┌────────

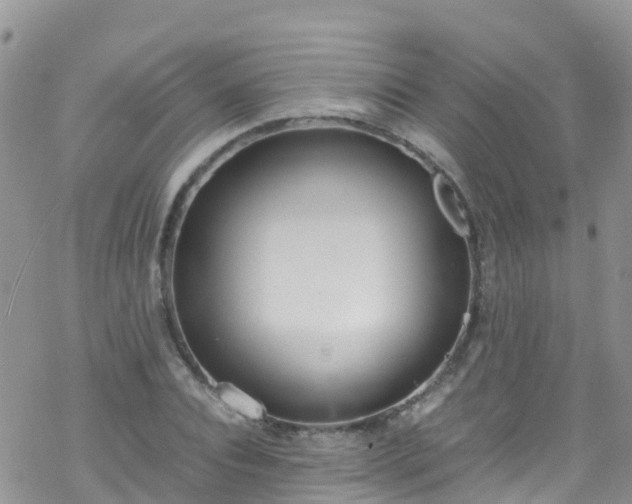 X0000069410928200605192300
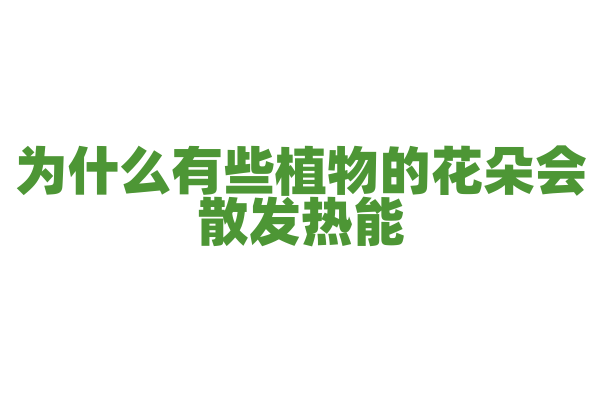为什么有些植物的花朵会散发热能？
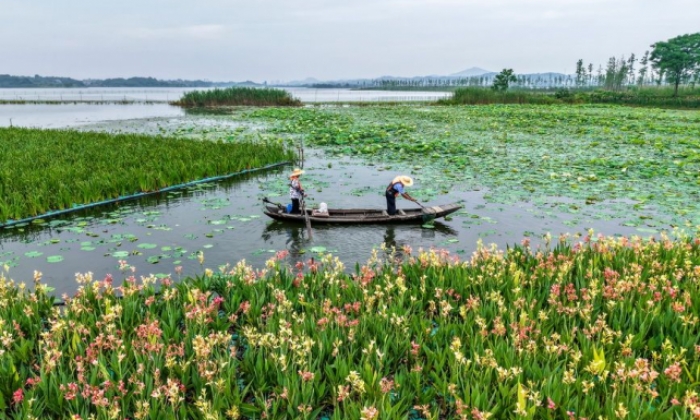 策湖湿地护清波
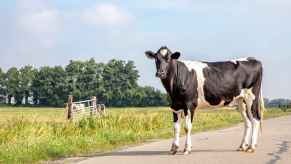 Cow standing on rural highway road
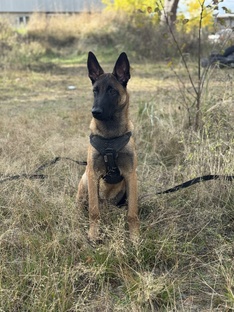 Дрессировка собак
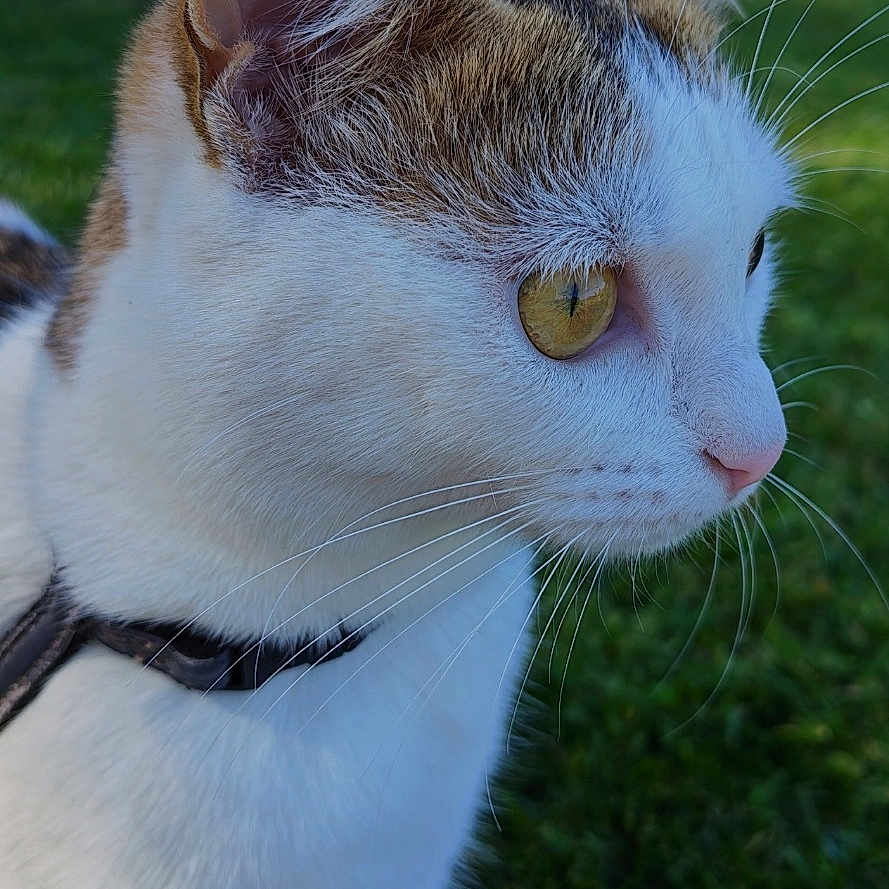 Maya participe au concours pour gagner de l'argent avec cette photo : cat, animal, pet, white_fur, tabby, green_eyes, whiskers, collar, outdoor, grass, garden, portrait, close_up, profile, sitting, alert, feline, fur, nature, lock_screen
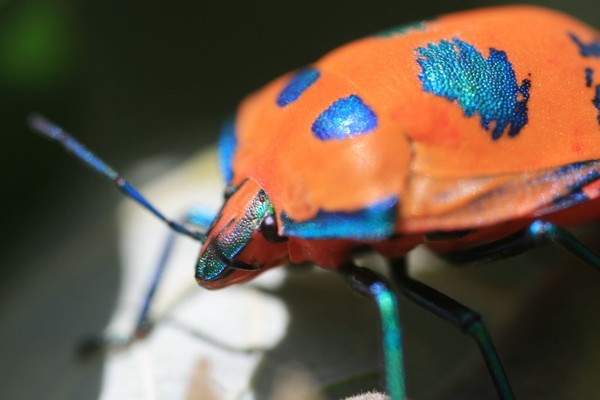 Beautiful beetle in a beautiful world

└────────

### How to complete this task
Return the complete data unchanged and include none of the pictures.

### Result below
 X0000069410928200605192300
为什么有些植物的花朵会散发热能？
 策湖湿地护清波
 Cow standing on rural highway road
 Дрессировка собак
 Maya participe au concours pour gagner de l'argent avec cette photo : cat, animal, pet, white_fur, tabby, green_eyes, whiskers, collar, outdoor, grass, garden, portrait, close_up, profile, sitting, alert, feline, fur, nature, lock_screen
 Beautiful beetle in a beautiful world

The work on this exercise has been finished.